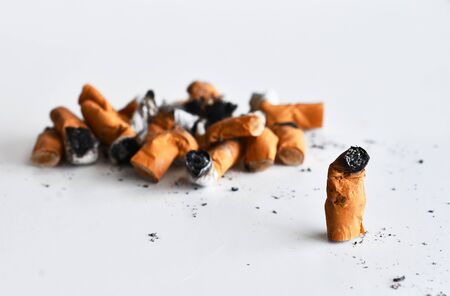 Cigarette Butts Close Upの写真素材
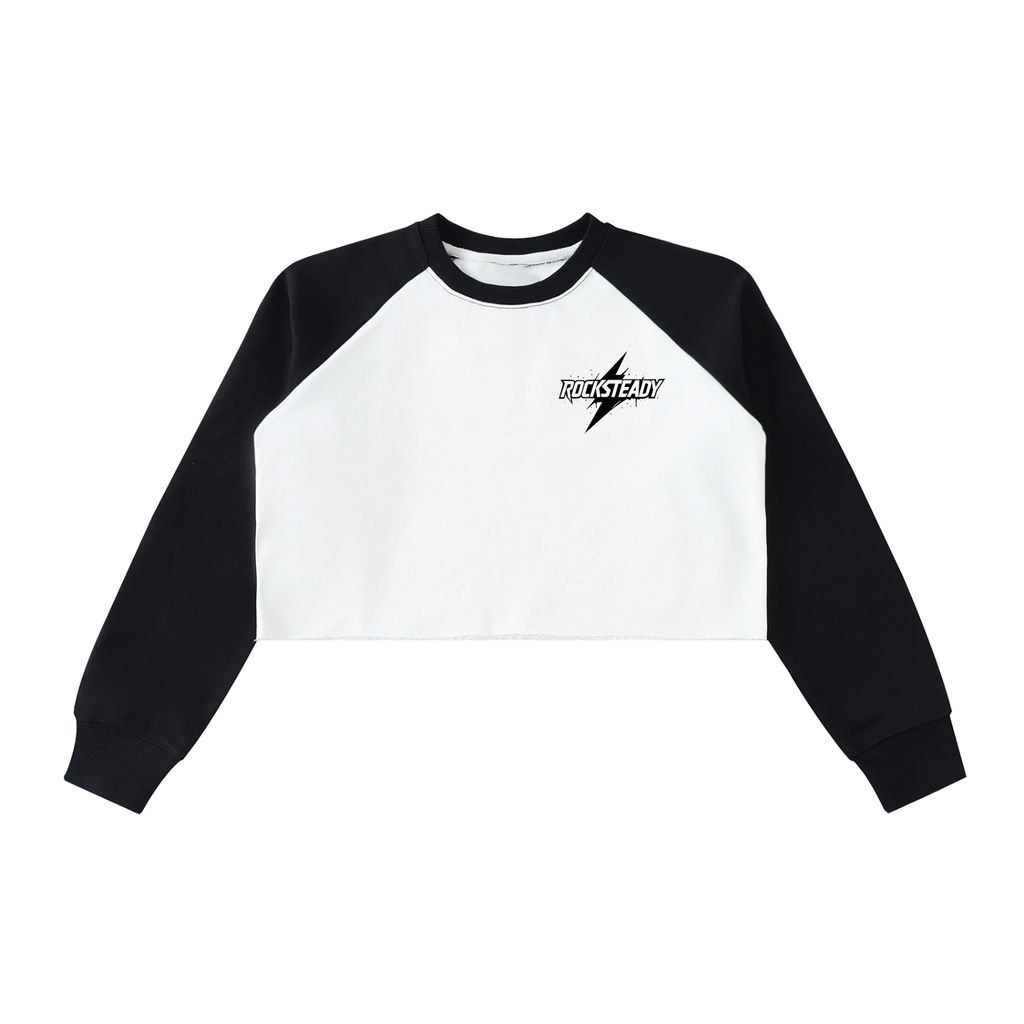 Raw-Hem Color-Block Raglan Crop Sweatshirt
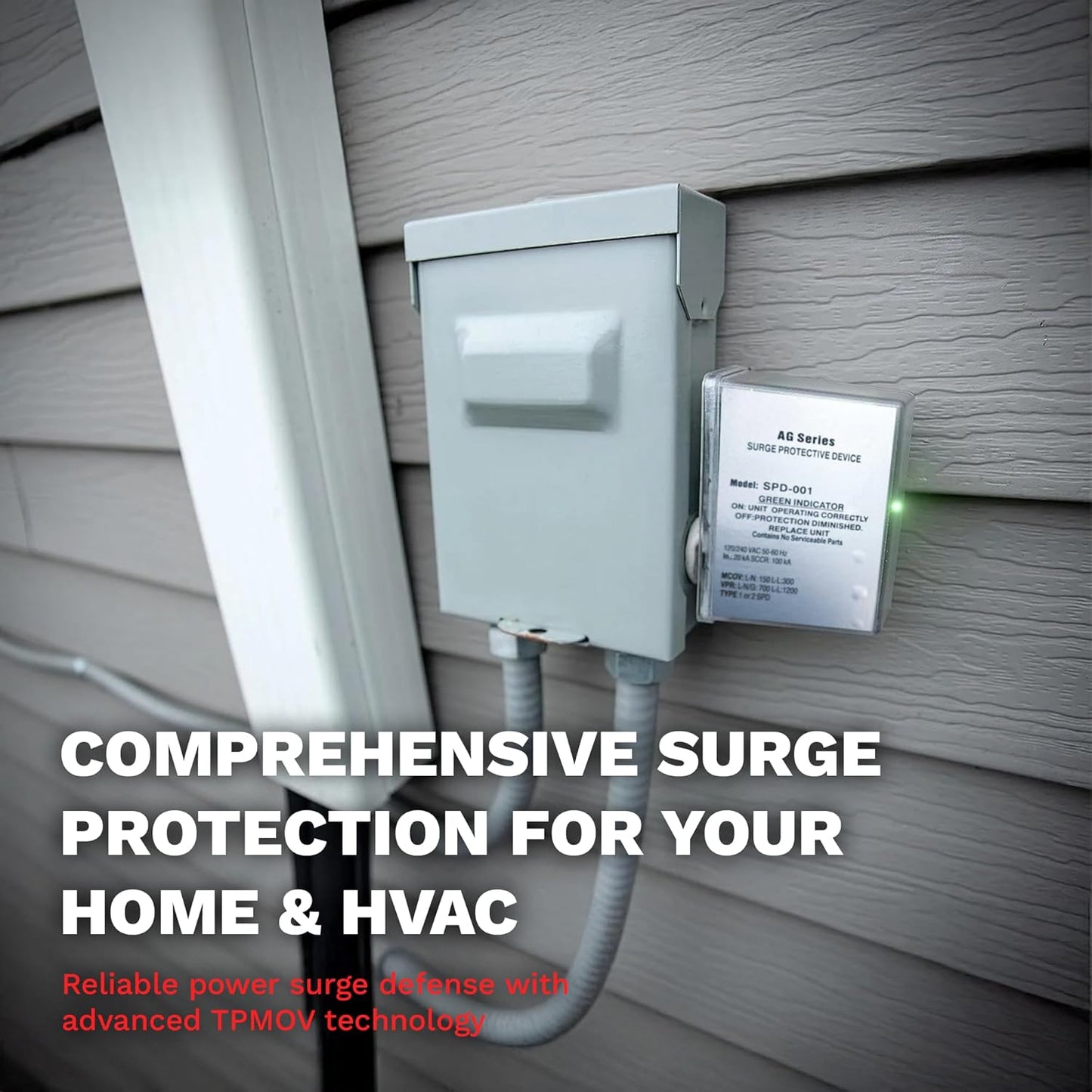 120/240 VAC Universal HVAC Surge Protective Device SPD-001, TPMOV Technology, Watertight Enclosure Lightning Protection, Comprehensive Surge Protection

**What the exercise asks**
Give the data again word for word, without images.

**Completed exercise**
 Cigarette Butts Close Upの写真素材
 Raw-Hem Color-Block Raglan Crop Sweatshirt
 120/240 VAC Universal HVAC Surge Protective Device SPD-001, TPMOV Technology, Watertight Enclosure Lightning Protection, Comprehensive Surge Protection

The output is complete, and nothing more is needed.